In der Aufstellung zieht sich die Tochter oder der Sohn aus dem Paarkonflikt zurück. Dieser Konflikt der Eltern ist für ein Kind zu groß. In etwa mit folgenden Worten zur Mutter: „Was zwischen dir und Papa ist, das ist mir viel zu groß. Da halte ich mich ganz raus. Für mich ist er einfach mein Papa.“

So kann der Klient oder die Klientin zum ersten Mal auf den Vater schauen, so wie er ist, und den Vater sehen in seinem ureigenen Wesen. Als Vater. Und die eigentlichen Gefühle fühlen, die nie eine Chance hatten. Jenseits der Angst wird neben dem Blickkontakt vielleicht sogar eine Hinbewegung möglich.

Die Geschichte von Carmen. Der zermürbende Streit der Eltern

Ich möchte hier einen Ausschnitt aus dem Brief von Carmen einfügen. Carmen schreibt: „Ich habe etwa ein Jahr gebraucht, um den Mut aufzubauen, mein Thema im Rahmen einer Familienaufstellung anzuschauen. Ende des Jahres war ich dann soweit, und bis heute zehre ich von den Folgen, im positiven Sinne. So schwer dieser Tag auch für mich war, umso leichter ist es jetzt mit der gewonnenen Klarheit im Nachhinein. Ich habe ein für mich sehr schweres Päckchen abgelegt. Wenn jetzt noch vereinzelte Erinnerungen kommen, kann ich sie jetzt endlich verstehen.

Ich bin zu dir gekommen, weil ich erkannt habe, dass das Nichtbearbeiten meines Themas mich weiter und weiter in innere Dysbalance bringt. Meine Kindheit war geprägt von dauernden Streitereien und Kämpfen meiner Eltern. Mein Vater (geb. 1957) ist alkoholkrank und meine Mutter (geb. 1958) hatte viele Jahre lang die Hoffnung, er würde den Alkoholkonsum irgendwann einstellen.

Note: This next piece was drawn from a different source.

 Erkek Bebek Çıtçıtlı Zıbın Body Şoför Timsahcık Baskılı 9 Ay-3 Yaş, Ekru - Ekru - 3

Das geschah nie. Meine Mutter war häufig verzweifelt, traurig, weinte viel und wusste keinen Ausweg. So hatte ich als Kind immer das Gefühl, für meine Mutter da sein zu müssen, ihr Kraft, Halt und Unterstützung geben zu müssen. Ich wollte stark sein, so dass sie sich nicht auch noch um mich sorgen musste.

Um meine Mutter war ich in Dauersorge, aber auch um meinen Vater, weil ich nie wusste, wann er nach Hause kommt. Wenn mein Vater spät abends kam, gab es immer wieder Streit und meine Mutter hätte meistens am liebsten alle Sachen gepackt und wäre mit uns Kindern gegangen. Allerdings kam es nie soweit.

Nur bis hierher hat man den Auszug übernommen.